IT IS alarming that the world is gravely concerned about the natural environment in 2019, the same year Cumbria has been celebrating the 200th year of John Ruskin's birth.

Recently people all over Cumbria joined people around the world protesting at the rapid changes to the natural environment (Gazette, September 26, 'Climate strikes snowball as collective voice gets louder').

John Ruskin lived at Brantwood, beside Coniston Water and facing Coniston Old Man. From his home he made meteorological records, including colour of clouds. One day in August 1880 he observed a dirty veil. He concluded: "Changing weather pattern caused by industrialisation" (to quote from the Abbot Hall Art Gallery exhibition catalogue for Ruskin, Turner and the Storm Cloud).

The exhibition (which closed on October 5) showed why Ruskin admired Turner so much, and offered evidence for the effect of pollution on mountains, including the Alps, in his lifetime!
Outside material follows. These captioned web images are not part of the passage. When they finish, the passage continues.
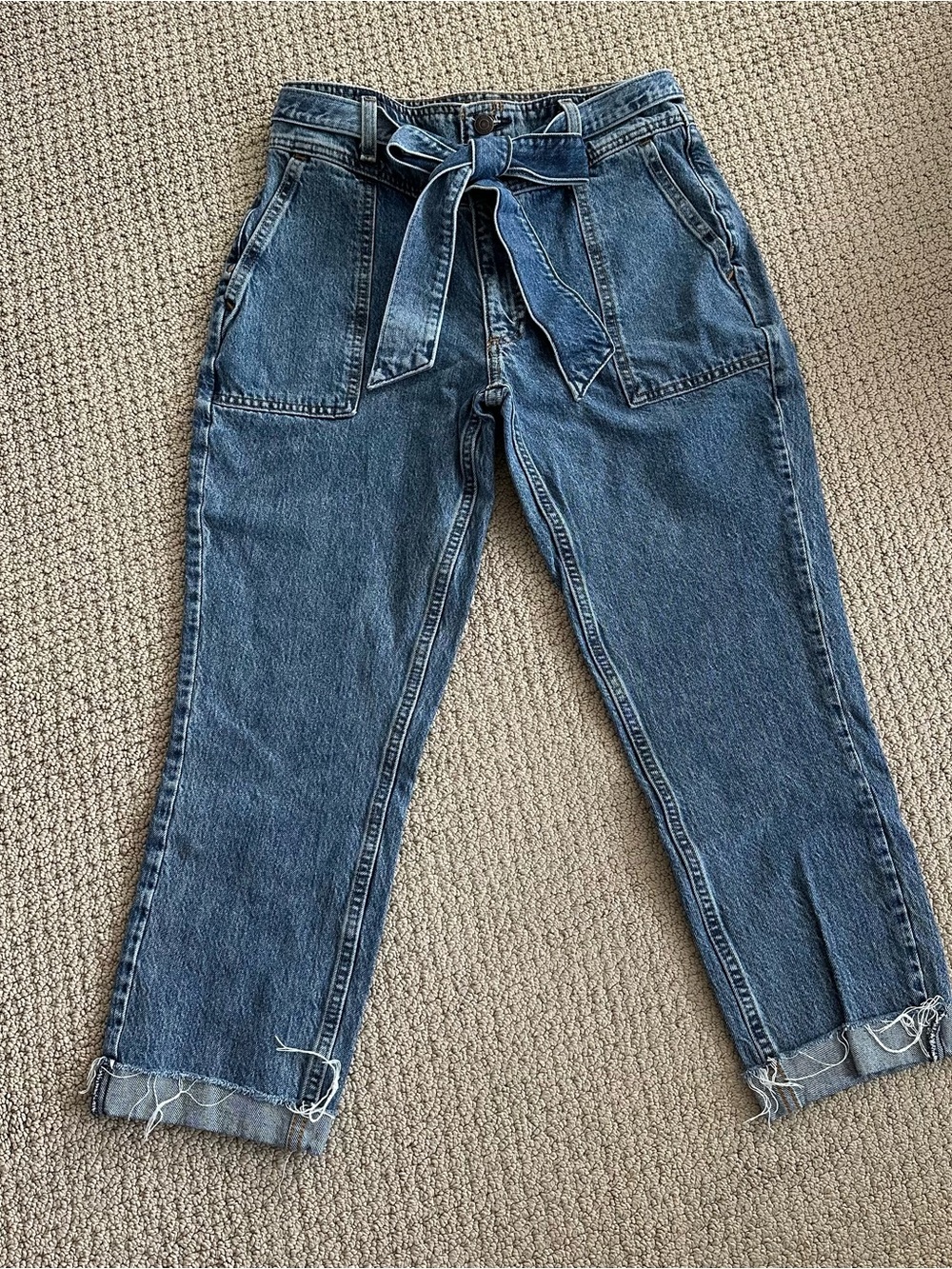 Abercrombie High-Waist Tie-Belt Women’s cropped Jeans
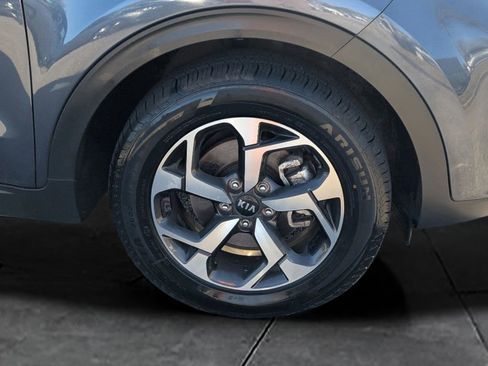 Used 2022 Kia Sportage LX image 11
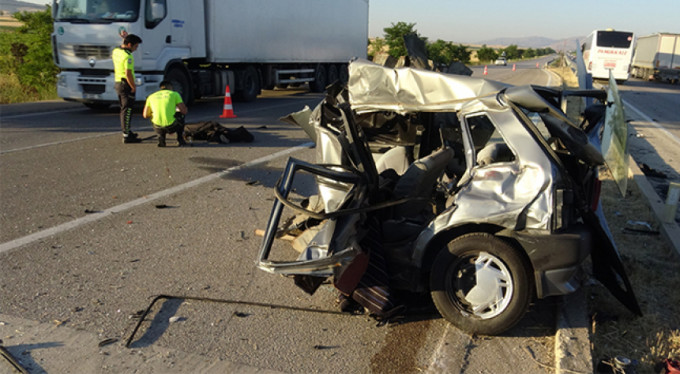 Yolcu otobüsüyle çarpışıp ikiye bölündü! 1 ölü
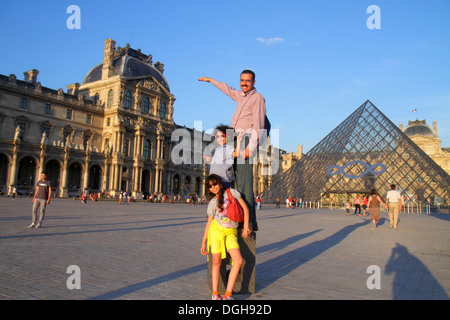 Paris France,1er arrondissement,Cour Napoléon,Musée d'art du Louvre,Musée du Louvre,Pyramide,musulman ethnique hommes hommes,père,garçon garçons hommes ki Banque D'Images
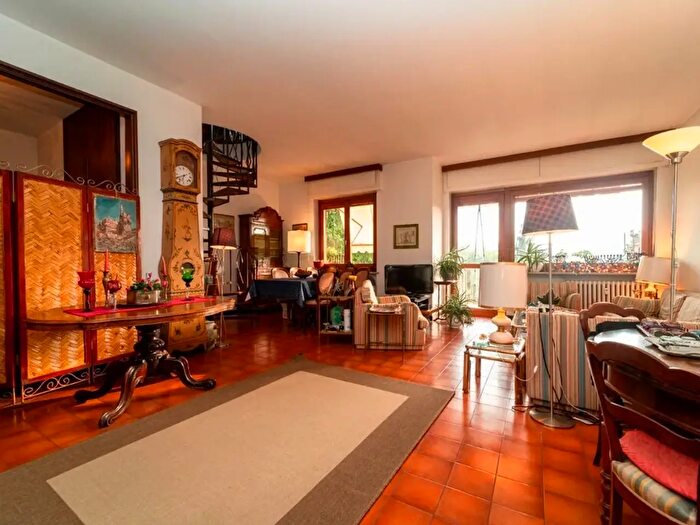 Appartamento con 8 locali in vendita in Via Ovidio, Gassino Torinese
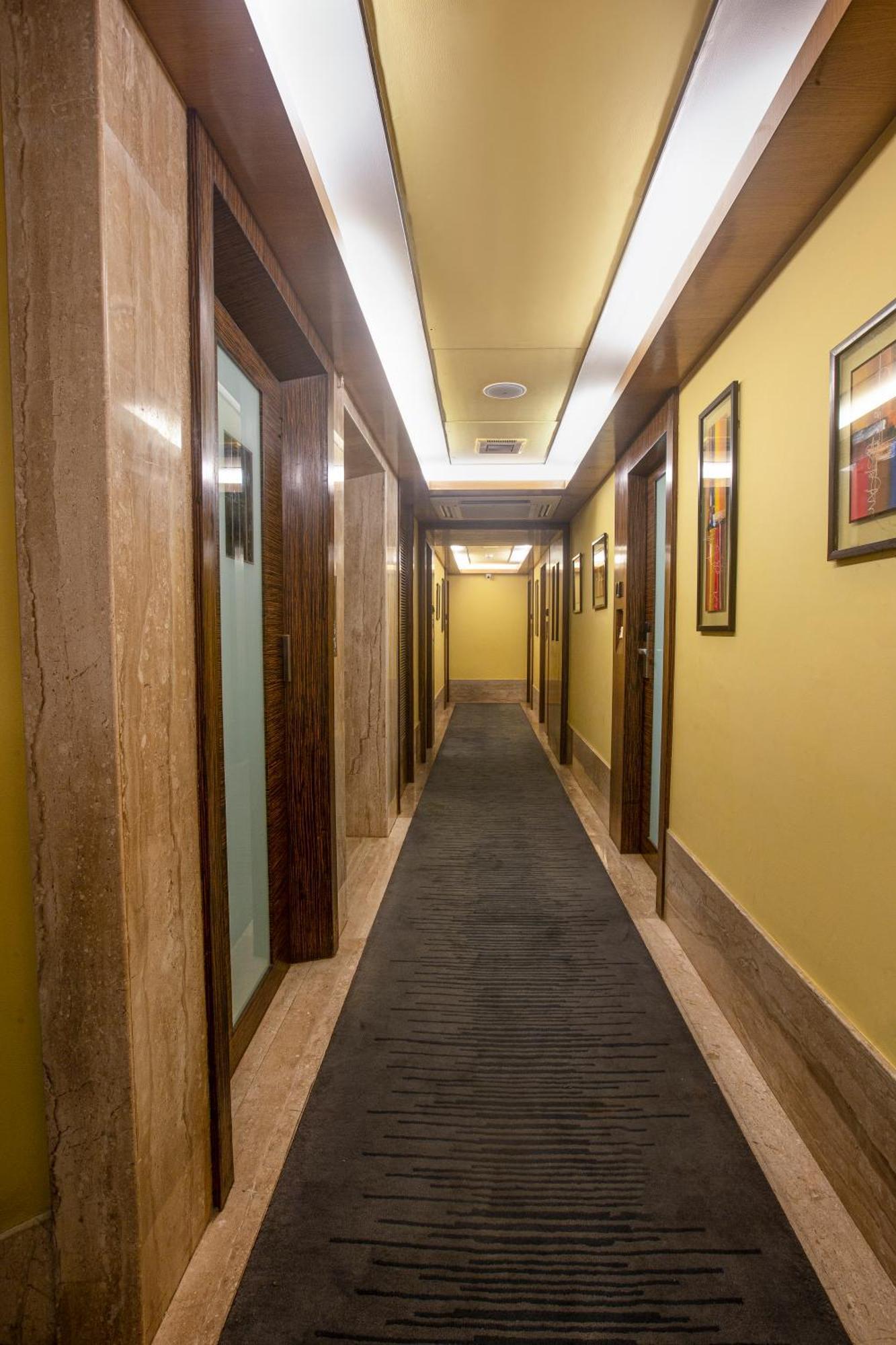 Hotel Bawa Continental Bombaim Exterior foto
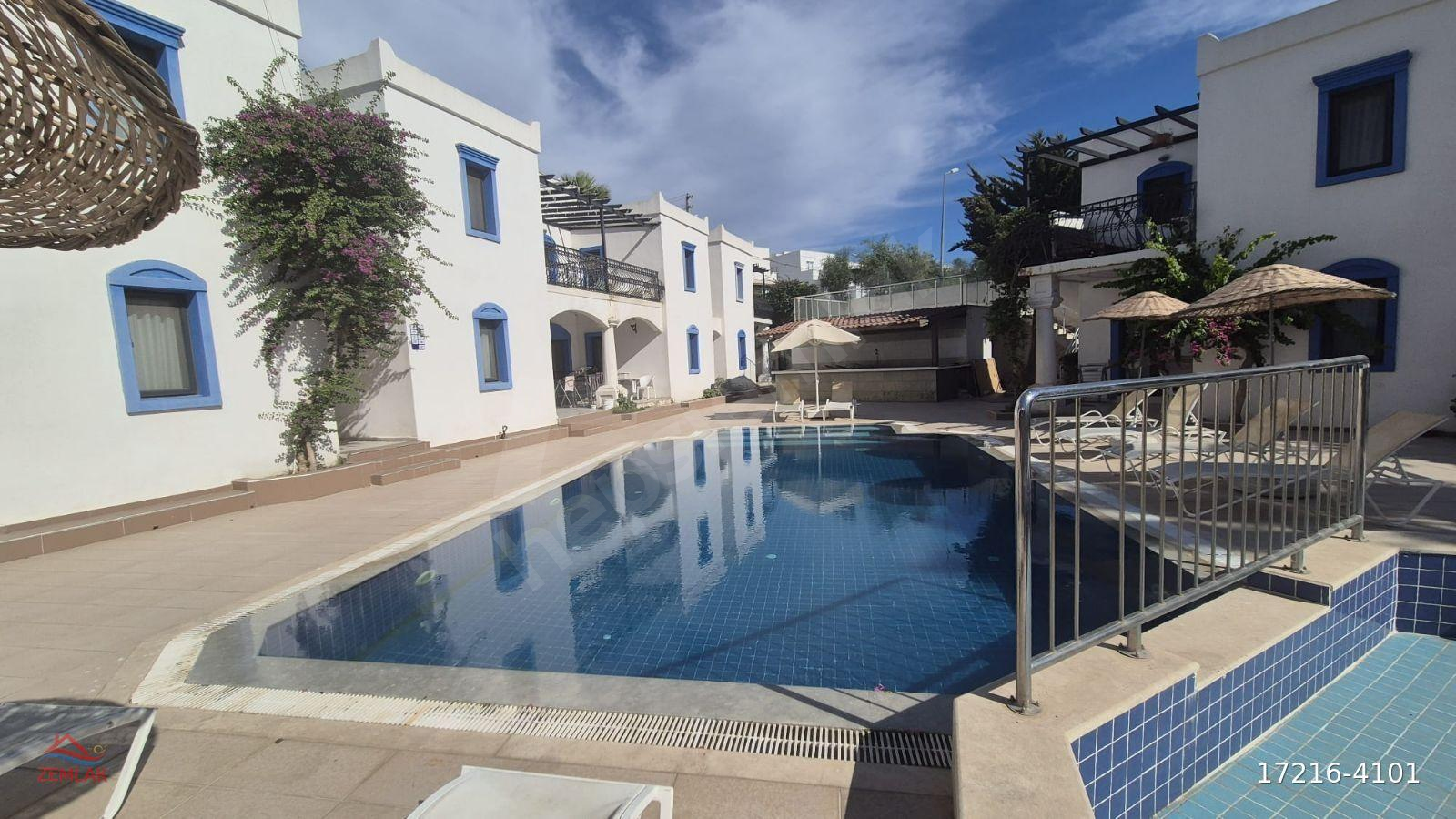 Bodrum Eskiçeşme Güvenlikli havuzlu sitede eşyalı 1+1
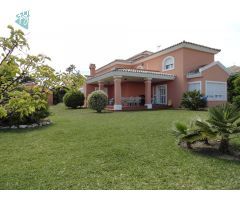 Villa independiente a la venta en Estepona.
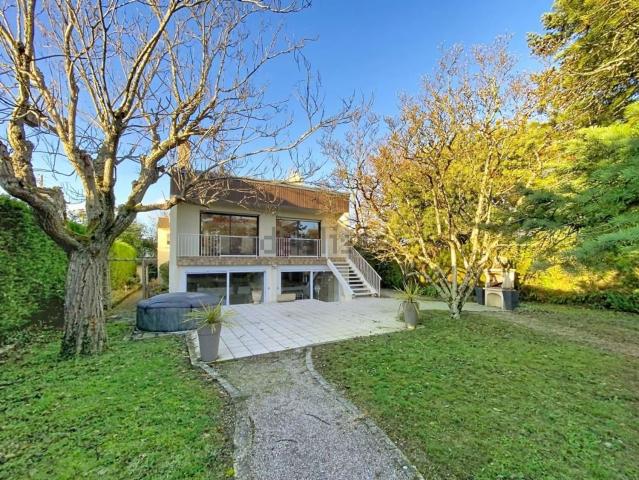 Maison vente à Les Quatre Bornes, Joué-lès-Tours
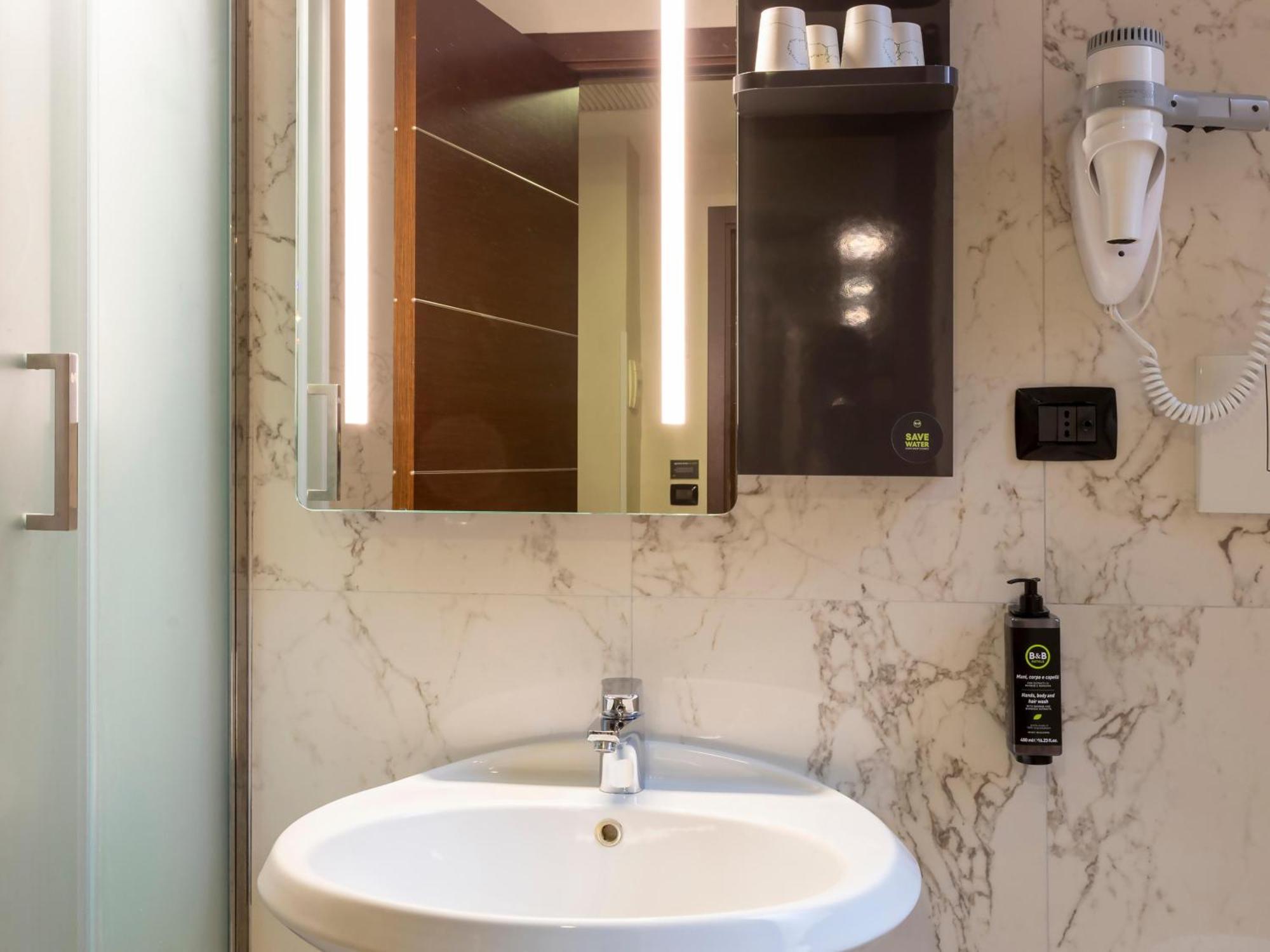 Hotell Trastevere 3*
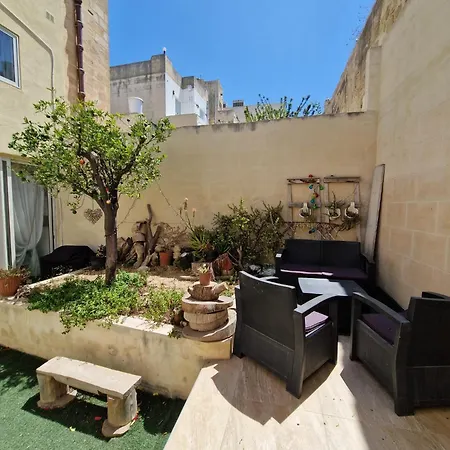 Dhara House Malta Bed & Breakfast *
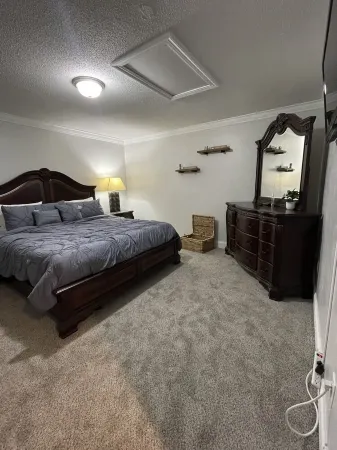 Cozy1King1Queen1.5bth2min Frm UpTown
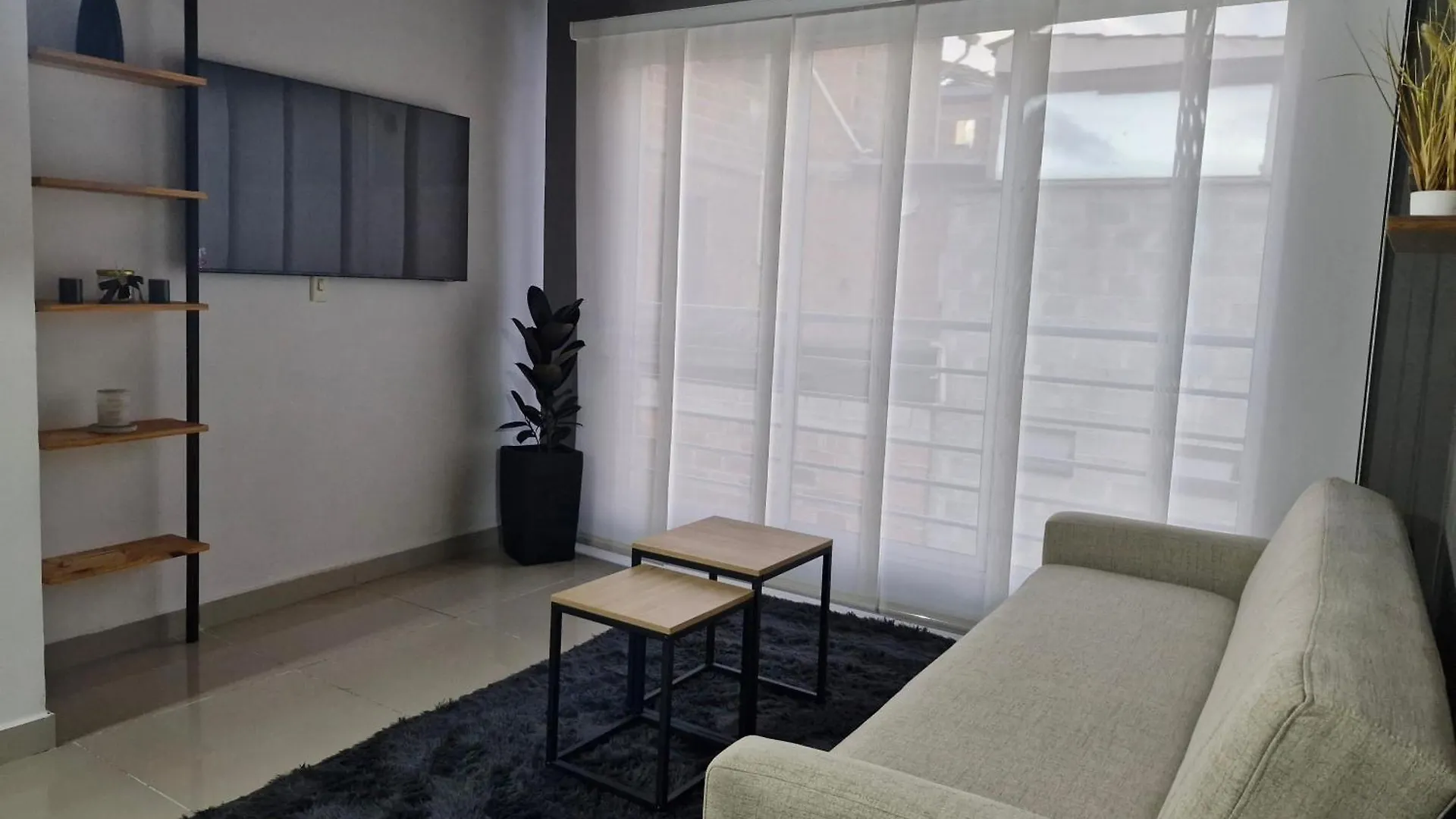 302 Apartamento Completo En Medellin 0*,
Ruskin also noted that if nature is respected, it will respond kindly and beneficially to mankind, but will react inappropriately if treated badly.

I suspect the rapid melting of the icecaps on Greenland and Iceland is due to ash ascending from fires in the Amazon and elsewhere and descending on the Arctic, for, as they say, what goes up must come down.

Meanwhile, referring to the headline for September 26's Gazette (£5m gateway for new jobs'), I ask, will the gateway also be the entrance to causing the county and local councils to enable traffic to reach Plumgarths roundabout from the A6 without having to go through the centre of Kendal, and before Victoria Bridge is closed again, as we have been told it will be.